■ Task description: Your answer should hold the data exactly as given, minus any picture.

##### Provided entries #####

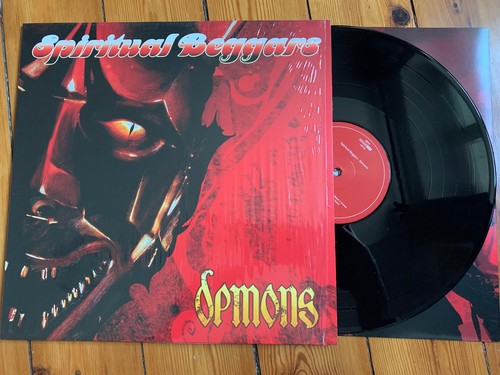 Spiritual beggars demons lp - -,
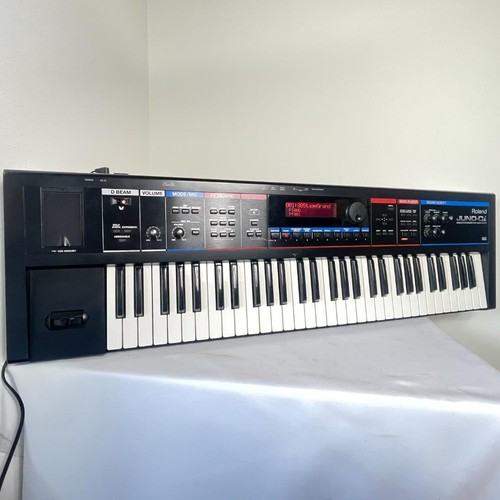 Roland juno synthesizer - roland, juno-di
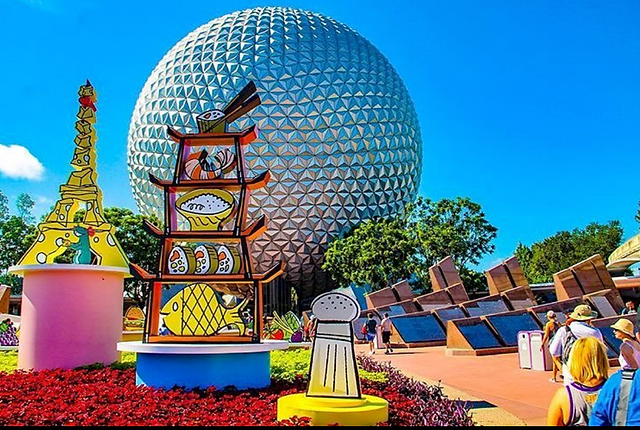 ‘EPCOT’, parque futurista da ‘Disney’ celebra 40 anos de história com surpresas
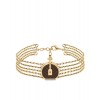 Louis Vuitton Mini LV Bracelet Golden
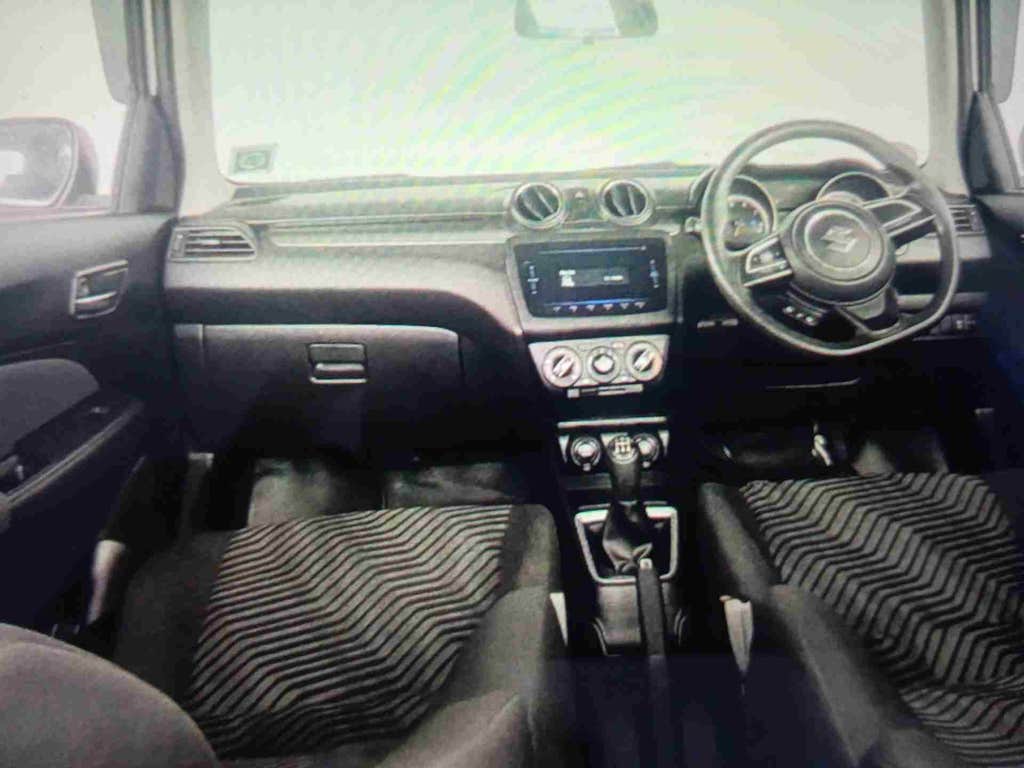 2023 Maruti Suzuki Swift VXI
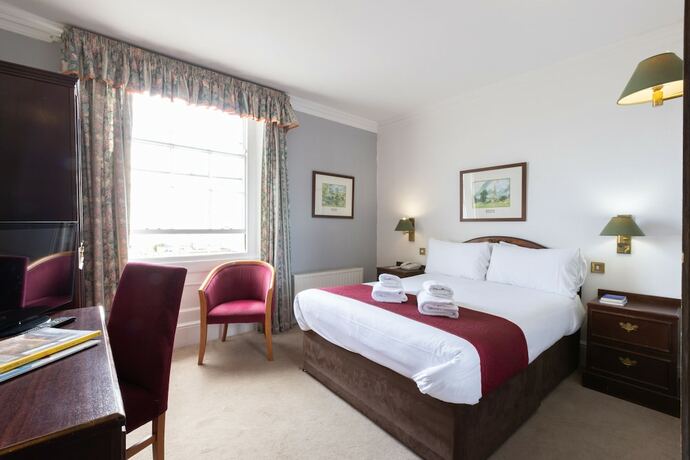 Imagen de la habitación del Hotel The Carlton, Great Yarmouth. Foto 12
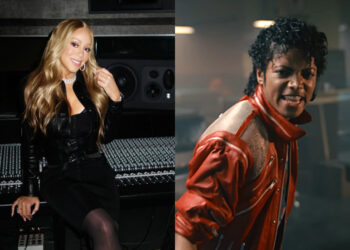 Source: IG/mariahcarey, YouTube/MichaelJackson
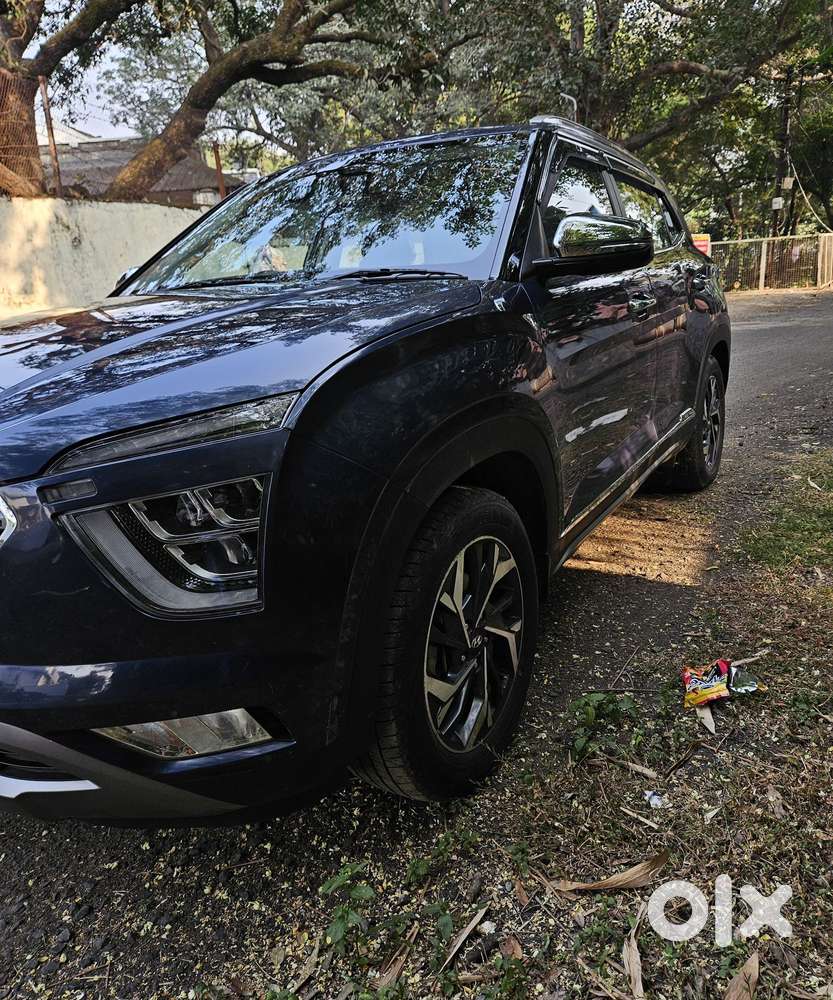 Hyundai Creta 1.5 Sx (o) Diesel At, 2022, Diesel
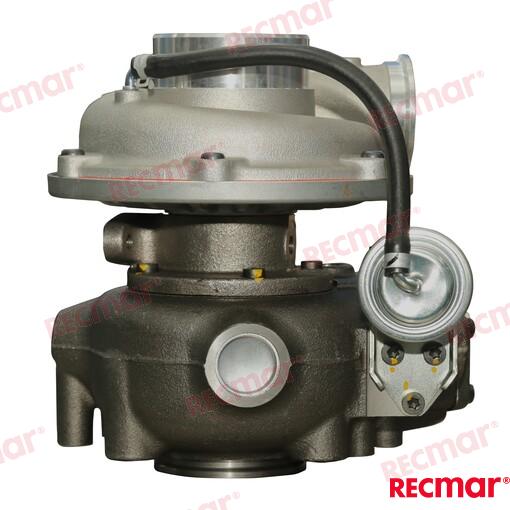 Turbo Yanmar Mybhe 119775-18010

#####

■ Result of the exercise:
 Spiritual beggars demons lp - -,
 Roland juno synthesizer - roland, juno-di
 ‘EPCOT’, parque futurista da ‘Disney’ celebra 40 anos de história com surpresas
 Louis Vuitton Mini LV Bracelet Golden
 2023 Maruti Suzuki Swift VXI
 Imagen de la habitación del Hotel The Carlton, Great Yarmouth. Foto 12
 Source: IG/mariahcarey, YouTube/MichaelJackson
 Hyundai Creta 1.5 Sx (o) Diesel At, 2022, Diesel
 Turbo Yanmar Mybhe 119775-18010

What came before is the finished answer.